Fin dal 1987, dopo aver conseguito il diploma, nonché il titolo di diploma di laurea in scienze industriali in una libera
università, mi sono occupato di servizi reali alle imprese, in particolare di finanza agevolata e finanziamenti pubblici,
nazionali e comunitari, di fattibilità economico-finanziaria, di progetti di investimento, di valorizzazione di beni
patrimoniali, di promozione nuove imprese e sviluppo socio economico.
Ho acquisito una competenza specifica nella programmazione, nell’attuazione e nel controllo di gestione dei Fondi
Strutturali UE, occupandomi, nella qualità di responsabile di progetto, dei programmi operativi e progetti integrati
territoriali, delle azioni di sistema, della programmazione negoziata – contratti d’area e patti territoriali e degli accordi di
programma quadro, in particolare nei settori dell’innovazione tecnologica e dell’analisi costi-benefici.
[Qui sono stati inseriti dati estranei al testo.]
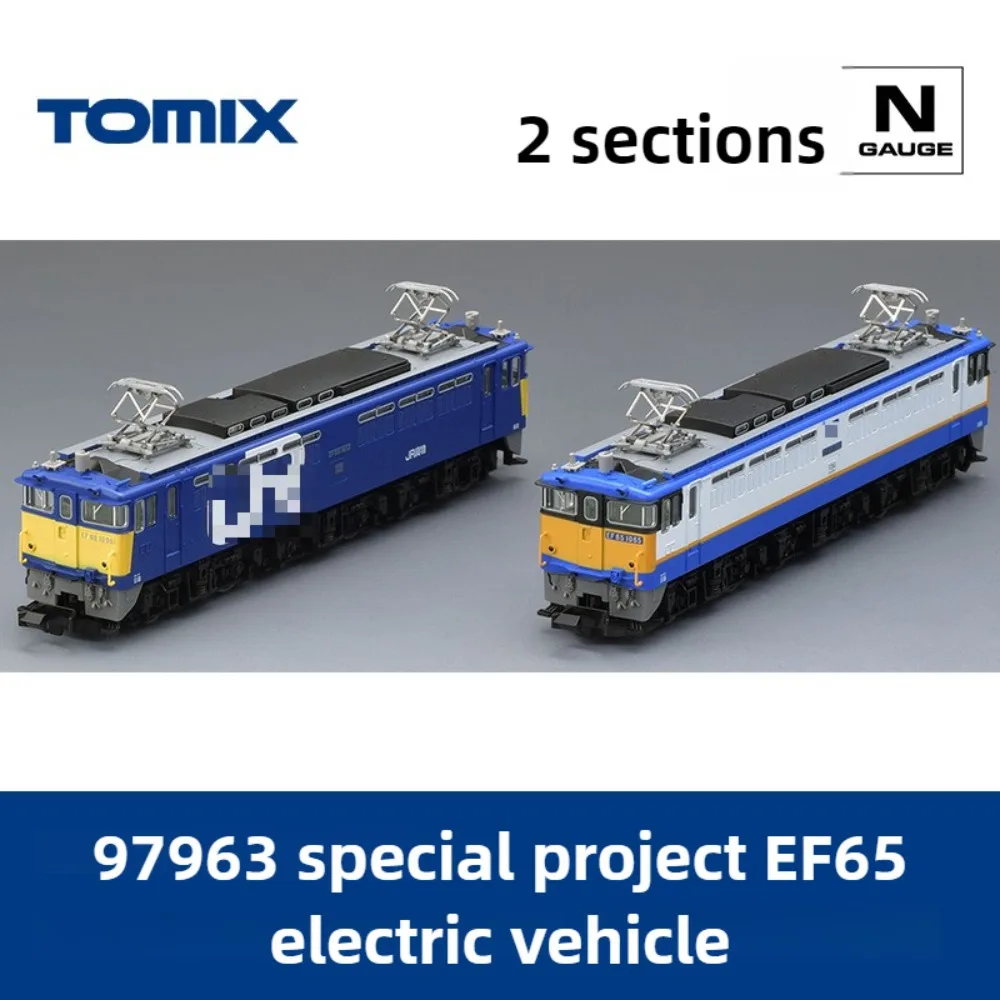 TOMIX N Scale 1/160 Model Train, EF65 Type Electric Locomotive 97963 Livery 2-car Train Set Collectible Item Boys' Toy Gift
Sono docente a contratto di scienze sociali e ho svolto attività di supporto scientifico e indagini sul campo nell’ambito
della sociologia economica all’Università Mediterranea di Reggio Calabria, Dipartimento PAU, come ricercatore e
cultore della materia di discipline economiche.
Svolgo l’attività di formatore e di gestione delle risorse umane, ricerca e selezione del personale, analisi del clima
aziendale, strutturazione piani carriera, sviluppo organizzativo, programmazione di corsi di formazione per aziende
pubbliche e private
Sono impegnato come giornalista, iscritto all’ordine dei giornalisti, scrivendo sui temi di politiche economiche e sociali,
politiche comunitarie e sviluppo sostenibile, pubblicando più di 70 ricerche ed indagini pubblicate e rintracciabili sui siti
di ricerca sulla letteratura accademica Google Scholar e Researchgate.